## Dataset records
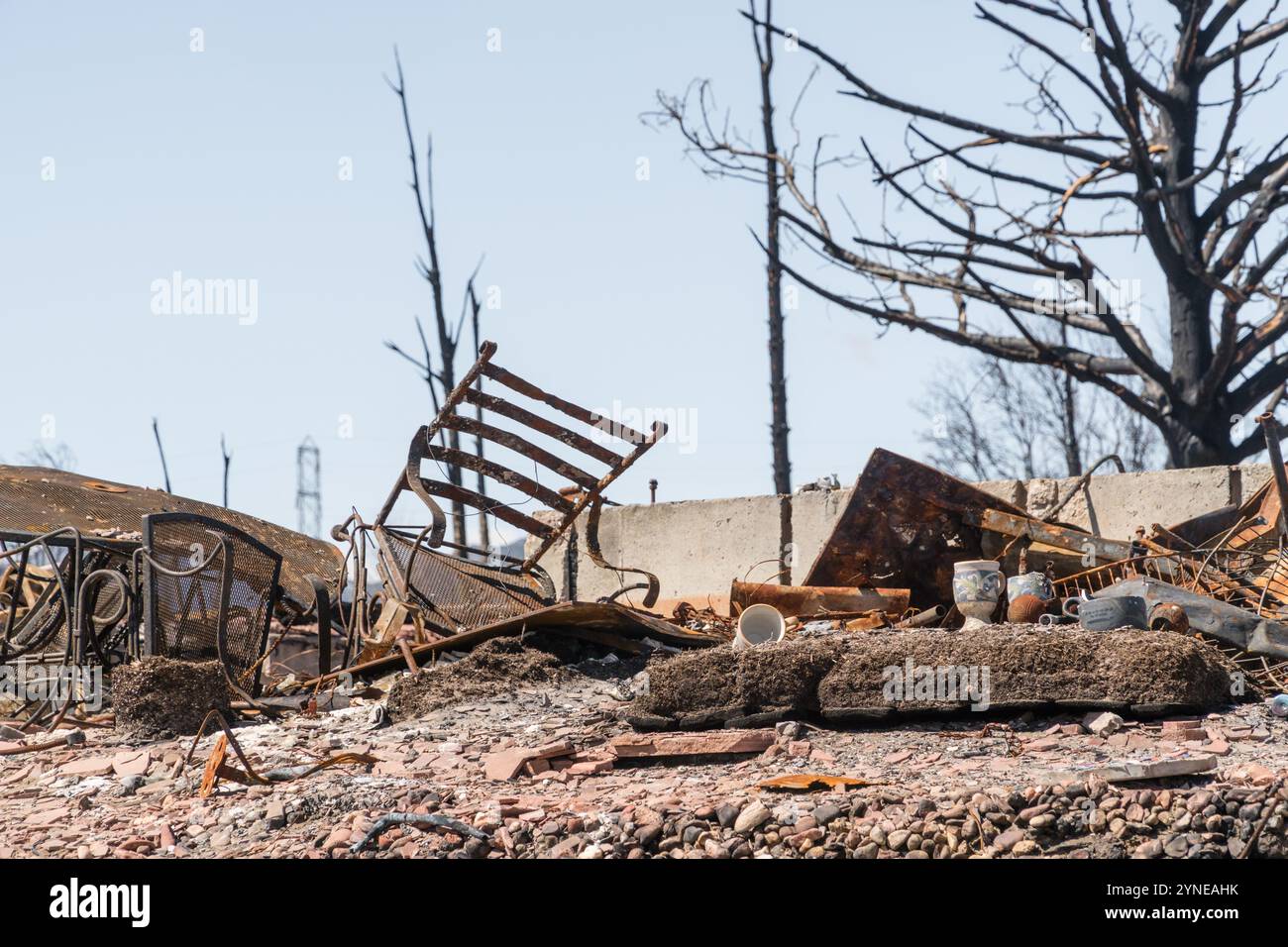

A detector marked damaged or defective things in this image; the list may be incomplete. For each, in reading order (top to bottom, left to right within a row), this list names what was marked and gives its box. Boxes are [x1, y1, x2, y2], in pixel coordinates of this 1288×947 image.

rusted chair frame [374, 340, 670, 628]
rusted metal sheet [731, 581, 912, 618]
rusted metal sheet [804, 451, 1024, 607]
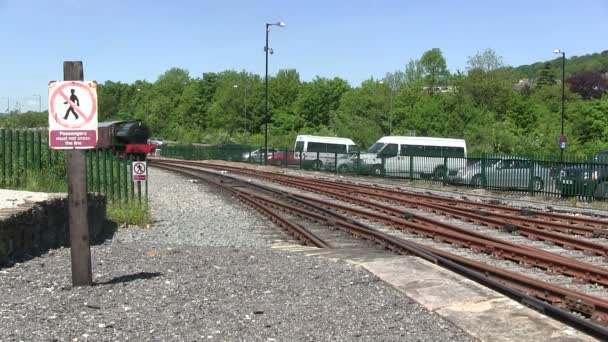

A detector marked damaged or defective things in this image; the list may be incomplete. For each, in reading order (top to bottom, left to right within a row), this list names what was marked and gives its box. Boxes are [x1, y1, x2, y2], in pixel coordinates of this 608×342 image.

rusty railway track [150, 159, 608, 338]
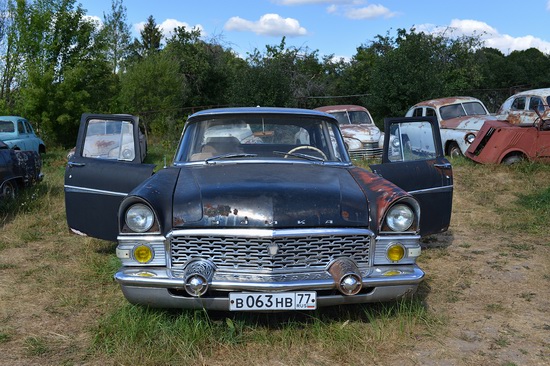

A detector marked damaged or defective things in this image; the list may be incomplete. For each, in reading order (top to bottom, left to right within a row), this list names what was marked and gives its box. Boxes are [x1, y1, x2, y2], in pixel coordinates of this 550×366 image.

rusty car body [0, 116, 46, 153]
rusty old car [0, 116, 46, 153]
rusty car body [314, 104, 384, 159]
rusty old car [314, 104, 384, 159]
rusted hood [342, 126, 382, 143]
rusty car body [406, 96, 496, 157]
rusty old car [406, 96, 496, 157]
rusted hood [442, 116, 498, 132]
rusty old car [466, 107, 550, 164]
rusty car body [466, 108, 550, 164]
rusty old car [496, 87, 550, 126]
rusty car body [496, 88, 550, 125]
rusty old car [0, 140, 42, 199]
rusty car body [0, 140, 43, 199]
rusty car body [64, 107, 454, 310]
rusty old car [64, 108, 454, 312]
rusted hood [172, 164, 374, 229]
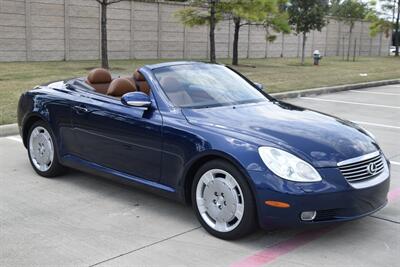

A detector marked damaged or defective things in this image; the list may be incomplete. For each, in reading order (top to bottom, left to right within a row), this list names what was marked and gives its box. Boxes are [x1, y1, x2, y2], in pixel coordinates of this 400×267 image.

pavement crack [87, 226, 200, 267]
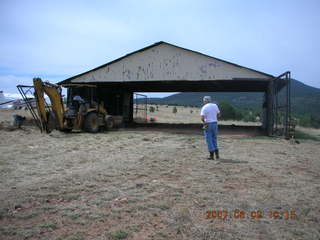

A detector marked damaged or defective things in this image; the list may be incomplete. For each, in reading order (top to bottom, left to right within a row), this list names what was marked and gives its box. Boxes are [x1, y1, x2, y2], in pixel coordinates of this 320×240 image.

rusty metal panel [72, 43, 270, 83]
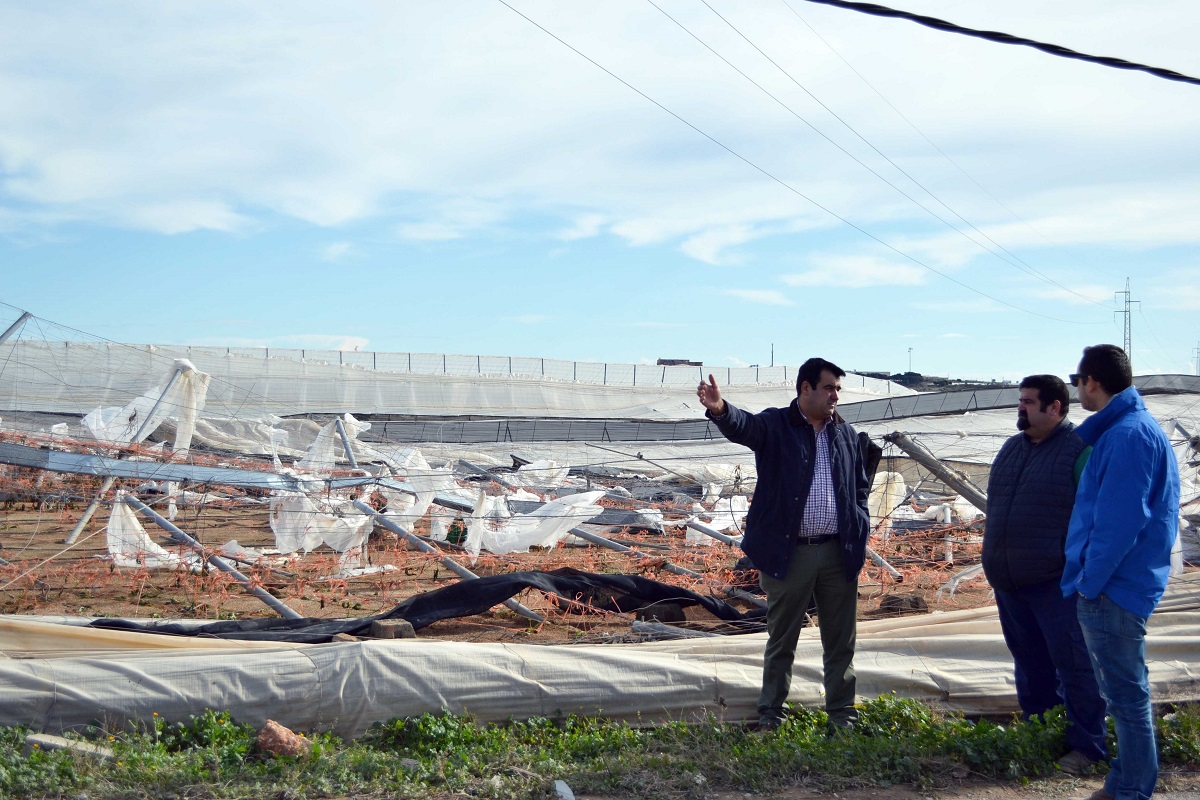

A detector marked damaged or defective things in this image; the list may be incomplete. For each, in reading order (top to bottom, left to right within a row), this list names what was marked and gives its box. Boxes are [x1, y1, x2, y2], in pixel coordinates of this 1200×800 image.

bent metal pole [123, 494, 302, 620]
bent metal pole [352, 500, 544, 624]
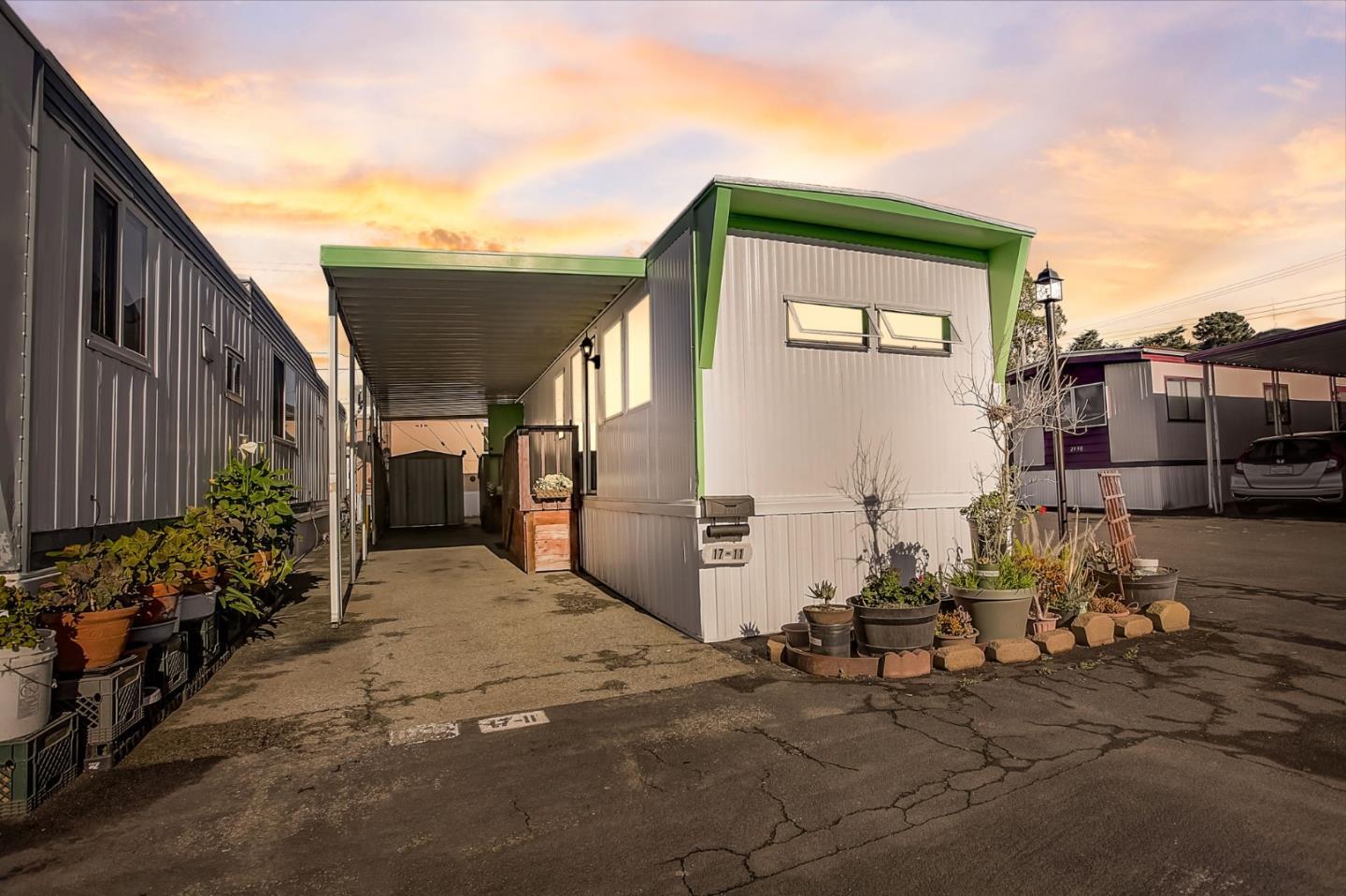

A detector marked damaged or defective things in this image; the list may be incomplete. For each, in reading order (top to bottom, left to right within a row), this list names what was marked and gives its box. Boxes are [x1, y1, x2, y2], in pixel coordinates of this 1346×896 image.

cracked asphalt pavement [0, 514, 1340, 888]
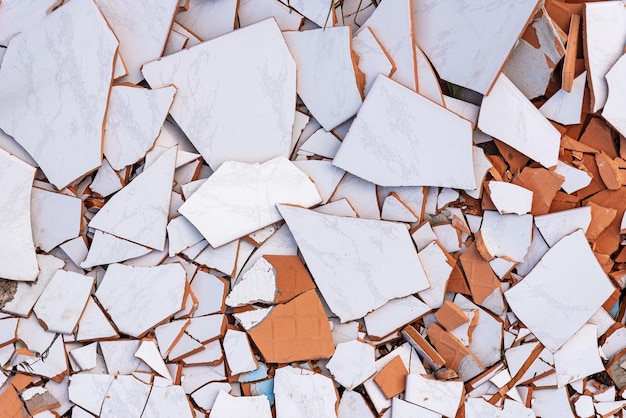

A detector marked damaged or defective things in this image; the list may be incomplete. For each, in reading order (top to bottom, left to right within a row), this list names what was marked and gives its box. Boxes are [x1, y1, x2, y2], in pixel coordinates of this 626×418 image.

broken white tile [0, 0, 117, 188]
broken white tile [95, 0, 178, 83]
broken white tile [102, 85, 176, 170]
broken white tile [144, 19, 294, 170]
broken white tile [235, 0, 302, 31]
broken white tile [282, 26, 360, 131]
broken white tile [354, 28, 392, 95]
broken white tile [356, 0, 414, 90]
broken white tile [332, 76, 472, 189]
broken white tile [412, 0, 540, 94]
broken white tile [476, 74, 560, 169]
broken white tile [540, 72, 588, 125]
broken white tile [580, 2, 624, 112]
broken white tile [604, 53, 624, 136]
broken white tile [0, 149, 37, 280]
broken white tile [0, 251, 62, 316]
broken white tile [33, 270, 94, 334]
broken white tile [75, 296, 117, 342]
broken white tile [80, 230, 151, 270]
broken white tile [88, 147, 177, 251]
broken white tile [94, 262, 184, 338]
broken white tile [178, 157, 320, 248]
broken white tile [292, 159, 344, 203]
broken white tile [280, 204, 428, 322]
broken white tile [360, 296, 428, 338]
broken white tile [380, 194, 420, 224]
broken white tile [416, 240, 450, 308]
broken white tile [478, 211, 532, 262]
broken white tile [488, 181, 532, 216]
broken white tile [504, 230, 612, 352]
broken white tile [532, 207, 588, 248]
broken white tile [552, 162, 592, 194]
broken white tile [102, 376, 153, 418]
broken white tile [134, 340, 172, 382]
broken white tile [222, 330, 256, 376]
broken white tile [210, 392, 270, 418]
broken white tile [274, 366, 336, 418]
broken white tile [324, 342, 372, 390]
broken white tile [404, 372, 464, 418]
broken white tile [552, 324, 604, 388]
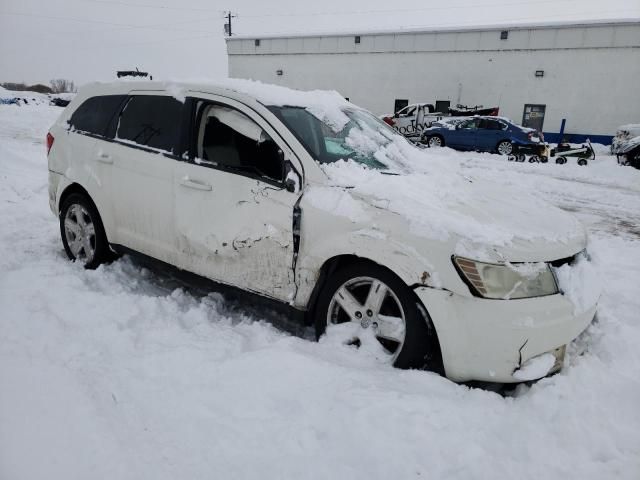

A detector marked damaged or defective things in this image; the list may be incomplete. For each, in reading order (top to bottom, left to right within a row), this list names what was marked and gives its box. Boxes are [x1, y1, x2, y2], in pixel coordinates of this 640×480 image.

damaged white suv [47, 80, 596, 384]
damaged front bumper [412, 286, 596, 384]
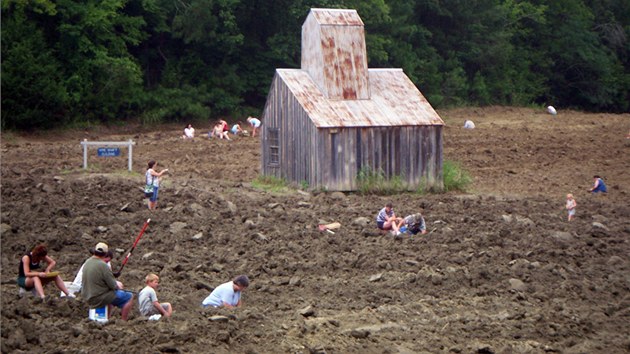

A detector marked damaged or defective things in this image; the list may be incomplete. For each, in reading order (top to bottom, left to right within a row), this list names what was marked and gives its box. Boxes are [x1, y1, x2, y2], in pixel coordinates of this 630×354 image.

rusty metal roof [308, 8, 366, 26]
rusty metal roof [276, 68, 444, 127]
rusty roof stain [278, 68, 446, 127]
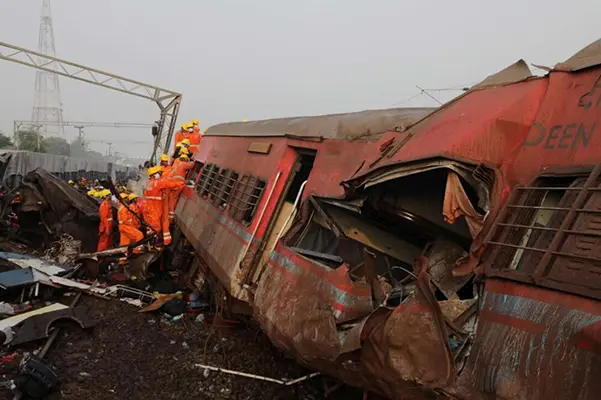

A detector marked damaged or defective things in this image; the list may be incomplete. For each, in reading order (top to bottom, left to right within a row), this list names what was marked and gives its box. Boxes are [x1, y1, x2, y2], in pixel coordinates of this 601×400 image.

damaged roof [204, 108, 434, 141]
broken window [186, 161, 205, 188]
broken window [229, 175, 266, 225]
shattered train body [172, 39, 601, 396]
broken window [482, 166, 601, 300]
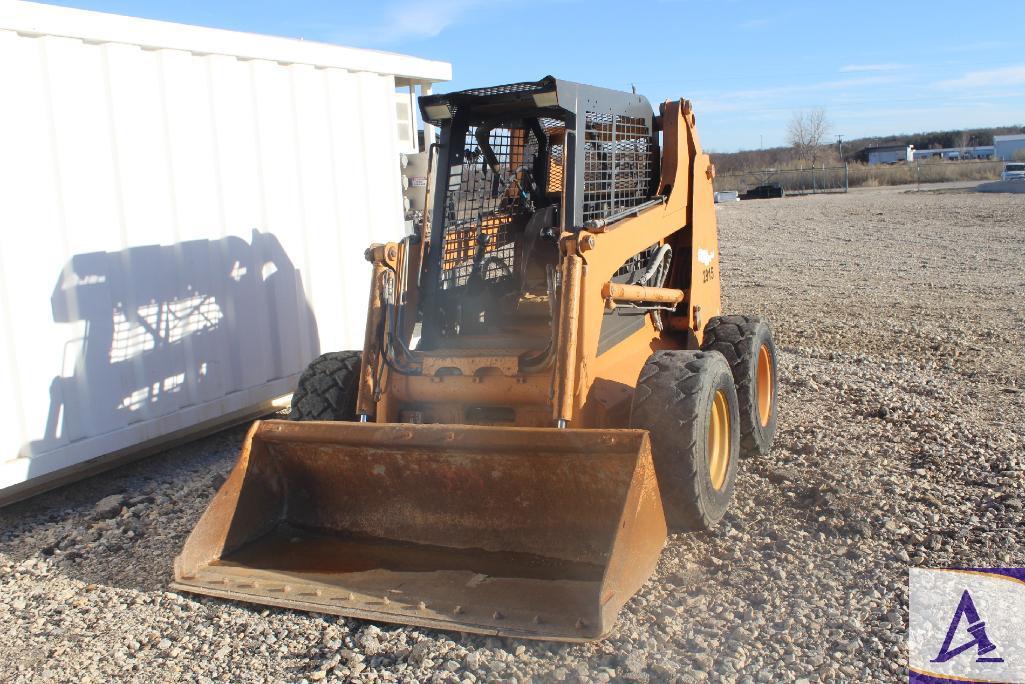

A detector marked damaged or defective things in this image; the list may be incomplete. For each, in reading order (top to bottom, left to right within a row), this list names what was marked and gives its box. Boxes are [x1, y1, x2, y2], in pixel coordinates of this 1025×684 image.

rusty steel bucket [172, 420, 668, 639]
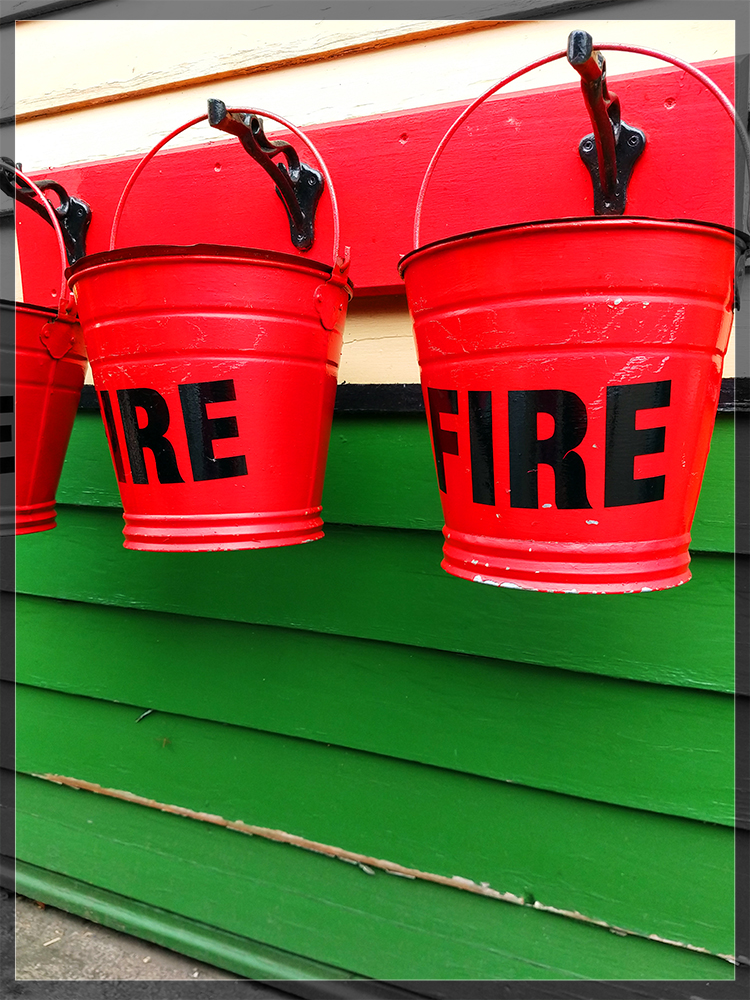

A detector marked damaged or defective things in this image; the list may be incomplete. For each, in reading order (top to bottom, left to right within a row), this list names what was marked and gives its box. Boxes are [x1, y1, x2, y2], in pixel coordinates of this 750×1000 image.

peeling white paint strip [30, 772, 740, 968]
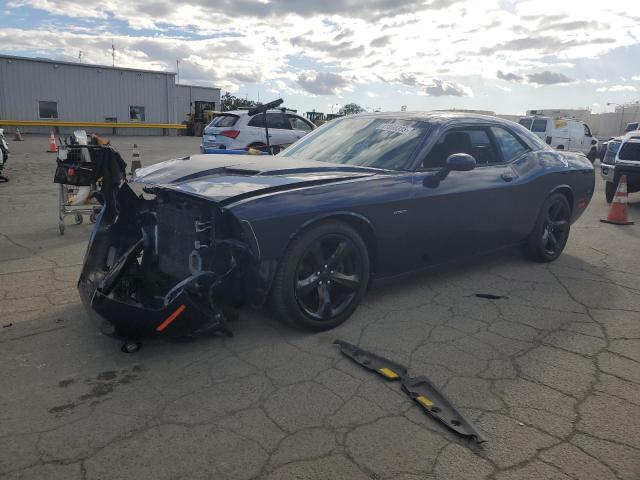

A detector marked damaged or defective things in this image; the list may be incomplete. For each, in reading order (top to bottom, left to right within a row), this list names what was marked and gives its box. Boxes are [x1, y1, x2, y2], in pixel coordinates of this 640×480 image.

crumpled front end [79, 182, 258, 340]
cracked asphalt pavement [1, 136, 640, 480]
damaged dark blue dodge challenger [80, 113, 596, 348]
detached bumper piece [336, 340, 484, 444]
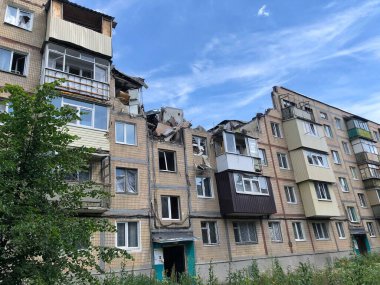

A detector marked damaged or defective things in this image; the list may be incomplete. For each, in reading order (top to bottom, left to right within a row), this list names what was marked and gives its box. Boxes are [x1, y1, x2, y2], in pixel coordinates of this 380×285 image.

## Instructions for the task
Your answer must reproduce exactly the lines from the line with "this 601×400 image." through the end of the material, both ends included, with every picture dropped.

## Exercise solution
A detector marked damaged or defective things in this image; the list may be incomplete. For each, in reading order (top to bottom, left to right within a row), this list names what was marked and gives its box. Boxes are [x1, y1, x2, y2], in pixel coordinates of this 601×400 image.

damaged roof [204, 108, 434, 141]
broken window [186, 161, 205, 188]
broken window [229, 175, 266, 225]
shattered train body [172, 39, 601, 396]
broken window [482, 166, 601, 300]

A detector marked damaged or defective things in this image; the list may be incomplete. For each, in reading order (top to bottom, left to right within a row), this list names what was marked and gives its box. Boxes are [x1, y1, x2, y2], in pixel coordinates of this 1025×684 image.

rusty steel bucket [172, 420, 668, 639]

A detector marked damaged or defective things in this image; the list may be incomplete. For each, in reading order (top to bottom, left to right within a row), this list names what was marked and gives its box. Boxes are [x1, y1, x2, y2], in pixel coordinates of this 750×1000 image.

peeling white paint strip [30, 772, 740, 968]

A detector marked damaged or defective things in this image; the list may be incomplete. For each, in reading order (top to bottom, left to right within a row), this list names what was marked and gives its box. Boxes are [x1, y1, x2, y2], in pixel coordinates of this 640×480 image.

crumpled front end [79, 182, 258, 340]
cracked asphalt pavement [1, 136, 640, 480]
damaged dark blue dodge challenger [80, 113, 596, 348]
detached bumper piece [336, 340, 484, 444]

A detector marked damaged or defective things in this image; the list may be incomplete. For each, in reading order (top to bottom, left to right within a row), this list names what was marked and gives its box. Boxes are [x1, y1, x2, y2], in pixel coordinates of this 380×285 image.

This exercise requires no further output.